The Datadog changes between the 6.0.2 version of the plugin and the current: https://github.com/jenkinsci/datadog-plugin/compare/728ed26b1e7a360fc1fb8674b3cbf40088fd84b0..master
One of the 7.0.0 version fixes is actually "Fix queue time calculation for builds and pipeline steps.", so it could be related. As of 6.0.3 in their pom.xml at <scm> section it also turns from version 6.0.2 to 3.0.0 which is a bit confusing. (This 3.0.0 seems like it always happens between versions... a bit strange, but okay?)
The above bits could be the only culprits in our case, or it could be the above's interaction with another part that goes badly.
Our solution will probably just be removing the Datadog plugin, because we don't really use it, in the past it just seemed like a good idea to have and then it never happened...
thank you for sharing your troubleshooting details, we stumbled on this bug as well after upgrading Core 2.387.3 -> 2.440.3. We also upgraded about 90 plugins as part of that which I can provide.
We isolated the issue to the plugin allure-plugin 2.30.1 which wasn't upgraded.

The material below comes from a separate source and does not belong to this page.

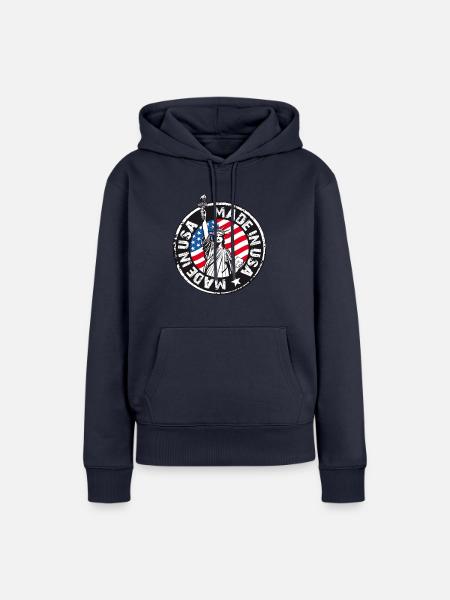 Made in USA - Frauen Premium Bio Hoodie - Navy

We also tried installing the latest version which didn't help. We saw the bug on the builds that were using the plugin and didn't see the bug on builds that didn't use it on the same job. It seems like there is some incompatibility between 2.440.3 Jenkins core and some plugins messing with build.xml
I wanted to share in case it could help reproduce or bisect the bug
jeffrey_cai , James had stated earlier that he does not have the Datadog plugin installed.